Since the 19th century, Pakistan’s clattering railways have carried passengers and cargo from the Arabian Sea to the Himalayas. But the colonial-era network is in severe disrepair, with decrepit trains and some tracks left unusable by devastating flooding last year.
Together with its close ally China, Pakistan is now preparing at least a partial solution: a $10bn revamp of its 1,700km arterial Main Line 1 railway to be paid for with loans from Beijing.
Prime Minister Shehbaz Sharif and President Xi Jinping agreed in November to begin work on the line, which links the southern port city of Karachi to Lahore and the capital, Islamabad. The project is expected to increase maximum train speeds on the route to 160kph.
But the ML1 upgrade has raised questions about whether heavily indebted Pakistan should be borrowing billions of dollars more for expensive infrastructure at a time of severe financial strain.
Some analysts believe Pakistan, which owes about $100bn in external debt to lenders including the World Bank and China, is at risk of defaulting after a plunge in its foreign exchange reserves.
Ahsan Iqbal, Pakistan’s planning minister, said the ML1 upgrade was vital to keep trains running and an example of the transformative work that Chinese credit had made possible.
“If we do not undertake this project, in a couple of years Pakistan will lose its railway logistics,” Iqbal told the Financial Times.
“The whole railway system will break down, this main line will break down. It will be very risky to run commercial operations on this track. It is no longer a choice. It is an imperative.”
But critics said taking on more debt for the ML1 project was an example of the kind of bad borrowing decisions that had led Pakistan into successive economic crises in recent years. Pakistan’s foreign reserves have sunk to below $6bn, or equivalent to less than one month of imports.
The government “is fooling the country”, said Zubair Khan, a former Pakistani commerce minister and IMF official, who argued Pakistan was closer to running out of reserves than officials acknowledged. “There are truths being hidden.”

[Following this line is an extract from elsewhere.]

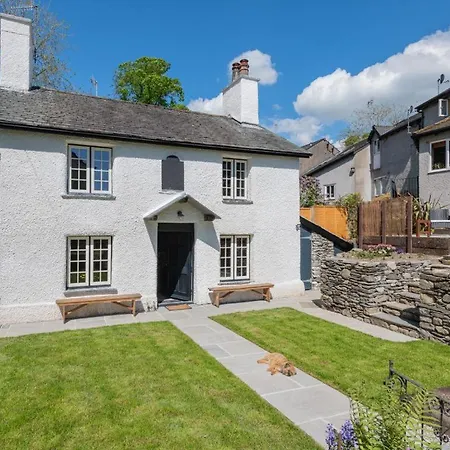2 Bed In Sz197 Holiday home Bowness-on-Windermere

Iqbal, who oversees Pakistan’s involvement in the Belt and Road Initiative, China’s international infrastructure scheme, said it would take six to nine years to complete the ML1 upgrade. The work will include replacing track, modernising signalling, converting level crossings into underpasses or flyovers and building fences to stop cattle crossing the line.
The planning minister said the project would proceed in phases “to make it more manageable”, with an initial cost of $3bn. The loan from China would be repayable over 20 to 25 years and would be “concessional”, he said, without providing further details.
Chinese lending to Pakistan goes back years, part of an effort to forge economic and military ties that will help to counter their mutual rival India. The ML1 upgrade is part of the China-Pakistan Economic Corridor, a BRI centrepiece with an estimated total cost of $60bn.
The CPEC also includes Chinese development of a deep-sea port at Gwadar in south-western Pakistan, among other projects. Beijing is separately supplying Pakistan’s military with eight submarines and advanced J-10 C fighter jets.
A western diplomat in Islamabad said that for such projects to have continued even as Beijing saw growing financial distress in BRI recipient countries pointed to the importance it put on ties with Pakistan.
“Even if the rest [of BRI] lags behind, China wants to stay the course with Pakistan,” the diplomat said, adding that the relationship had “important military aspects developed over the long term”.
The projects — and Chinese financing — have also stoked domestic tensions. Police in Gwadar last month imposed emergency measures and dismantled a protest camp that had obstructed operations at the port with demands, among others, for Chinese nationals to leave.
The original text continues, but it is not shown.